Approximately 70% of MF patients are classified as having Intermediate-2 or High-risk disease, as defined by the Dynamic International Prognostic Scoring System Plus described in a 2011 Journal of Clinical Oncology article. There are more than 35,000 patients worldwide and more than 13,000 patients in the U.S. living with Intermediate-2 or High-risk MF. In addition, more than 2,000 new cases are reported each year in the U.S. Based on Geron’s internal estimates of pricing and addressable patient population, if imetelstat is approved for commercial use by the FDA and foreign regulatory authorities in refractory MF, Geron believes the annual revenue potential in refractory MF in the U.S. could exceed $750 million and $1.5 billion worldwide.
The only drug therapies approved by the FDA for treating MF patients with Intermediate-2 or High-risk disease are the JAK inhibitors, ruxolitinib and fedratinib.
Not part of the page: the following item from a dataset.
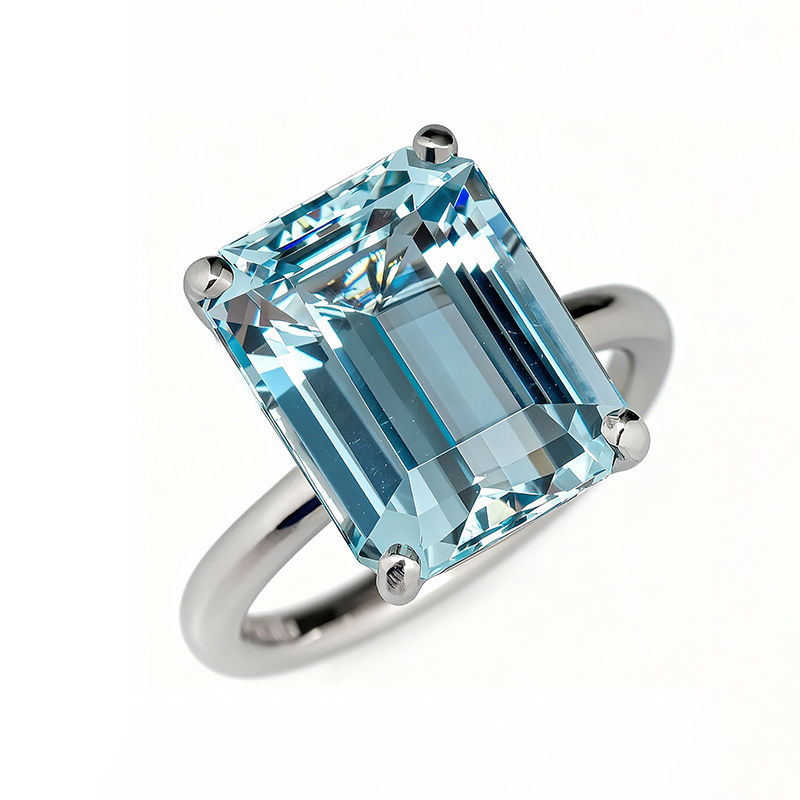 Sotiya Solitaire Emerald Cut Aquamarine Engagement Ring Sterling Silver-Sotiya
According to medical literature, approximately 50% of patients discontinue treatment with ruxolitinib within three years and 75% within five years due to disease progression, adverse events, and unsatisfactory response to treatment. Currently, no drug therapy is specifically approved by the FDA for those patients who fail or no longer respond to JAK inhibitor treatment, and median survival for such refractory MF patients after discontinuation from ruxolitinib is only approximately 14 to 16 months, representing a significant unmet medical need.
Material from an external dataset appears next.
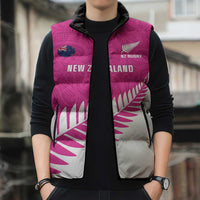 New Zealand Silver Fern Rugby Custom Sleeveless Puffer Jacket Go All Black Maori Pink Version LT14 - Polynesian Pride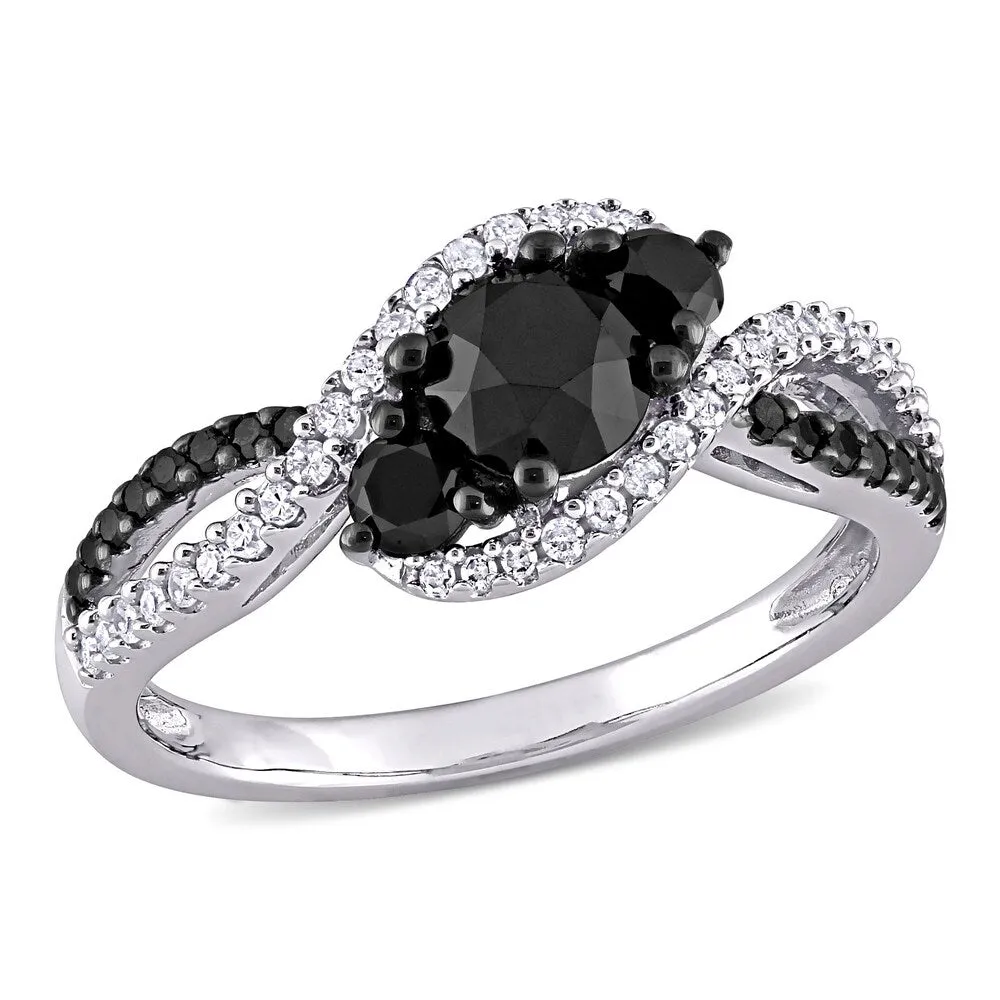 Miadora 10k White Gold 1ct TDW Black & White Diamond 3-stone Swirl Infinity Engagement Ring sold by Zulily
As a telomerase inhibitor, Geron believes that imetelstat has the potential to inhibit the uncontrolled proliferation of malignant stem and progenitor cells in refractory MF patients to reduce dysfunctional blood cell production and potentially enable recovery of normal hematopoiesis.
About Imetelstat
Imetelstat is a novel, first-in-class telomerase inhibitor exclusively owned by Geron and being developed in hematologic myeloid malignancies. Early clinical data suggest imetelstat may have disease-modifying activity through the apoptosis of malignant stem and progenitor cells, which allows potential recovery of normal hematopoiesis. Geron’s imetelstat development program includes two ongoing or planned registration-enabling studies, IMerge, an ongoing Phase 2/3 clinical trial in lower risk myelodysplastic syndromes (MDS), and a planned Phase 3 clinical trial in refractory myelofibrosis (MF) expected to be open for patient screening and enrollment in the first quarter of 2021. Imetelstat has been granted Fast Track designation by the U.S. Food and Drug Administration for both the treatment of patients with non-del(5q) lower risk MDS who are refractory or resistant to an erythropoiesis-stimulating agent and for patients with Intermediate-2 or High-risk MF whose disease has relapsed after or is refractory to janus kinase (JAK) inhibitor treatment.